The Provider Profile System

The /provider slash command is where OpenClaude earns its keep for multi-model workflows. You can save named profiles for different backends and switch between them without touching env vars. Useful when you want to use DeepSeek for cheap bulk refactoring tasks and Gemini 1.5 Pro for the harder architectural questions.

For GitHub Models — which gives Australian devs free access to a solid model lineup through your GitHub account — there's a dedicated onboarding flow:

# Inside openclaude
/onboard-github

It walks you through auth and saves credentials. GitHub Models has been quietly useful for anyone who wants capable inference without a credit card attached to a US API account.

What I'd Build With This

1. A repo-wide refactoring agent with cost controls Point OpenClaude at a legacy TypeScript codebase, use DeepSeek (cheap) for the bulk renaming and import fixing passes, then switch to a stronger model only for the hairy logic rewrites.

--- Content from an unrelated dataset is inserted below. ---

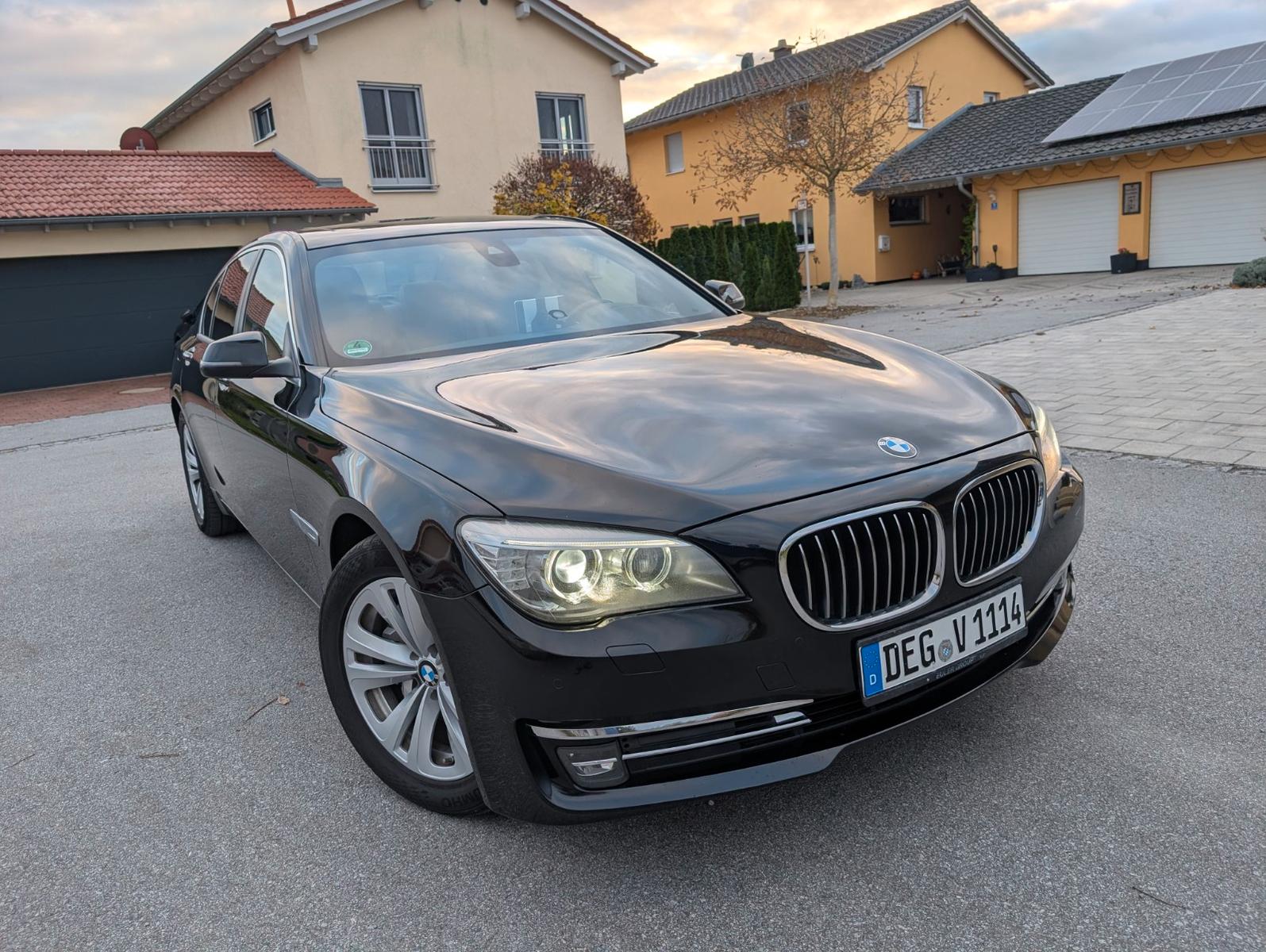 BMW 730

The provider profile system makes this a manual switch rather than a re-config job. Run it locally so no code leaves your network.

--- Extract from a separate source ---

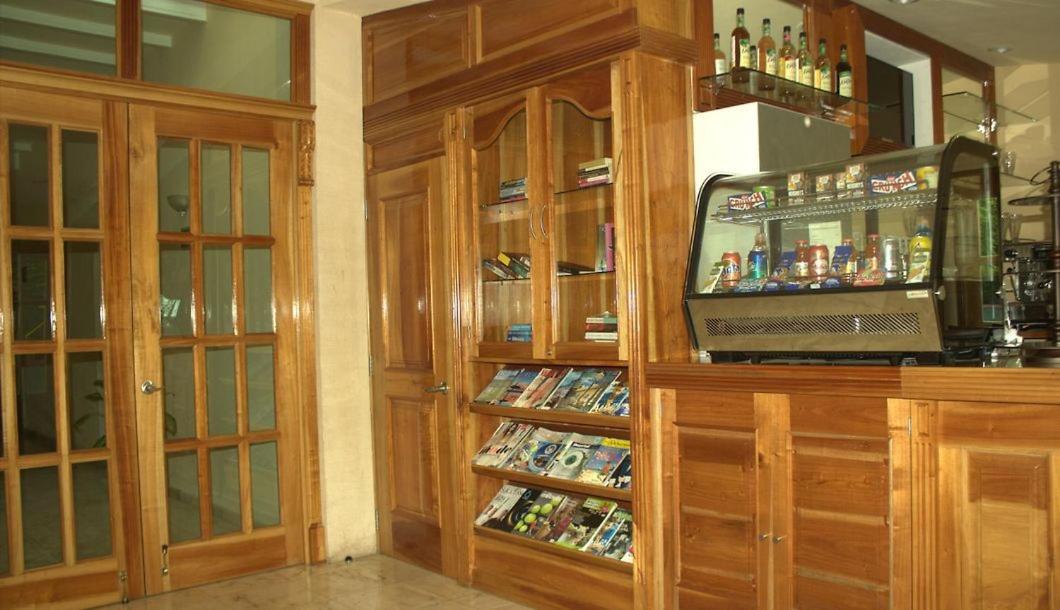 Cancun International Suites Bagian luar foto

2. A local code review bot for offline or air-gapped work Set up Ollama with qwen2.5-coder:7b or deepseek-coder-v2 and wire OpenClaude into a pre-commit hook or CI script. It reads your diff, runs the agent loop against your actual files, and posts a structured review. Zero API costs, works on a plane, nothing leaves your laptop.

3. A multi-provider benchmark harness Use OpenClaude's consistent CLI surface to throw the same coding tasks at four or five different models — Gemini, DeepSeek, a local Ollama model, GPT-4o via OpenRouter — and compare output quality against token cost. The uniform tooling means you're testing the model, not fighting different API shapes.

The vendor lock-in problem with coding agents has been annoying me for a while. OpenClaude doesn't solve the hard AI research bits, but it does solve the dumb infrastructure problem of being tied to one provider's uptime, pricing, and geo-restrictions. For Australian devs especially, having a clean path to local inference or non-US-centric providers is genuinely useful. I'll be keeping this in my toolbox.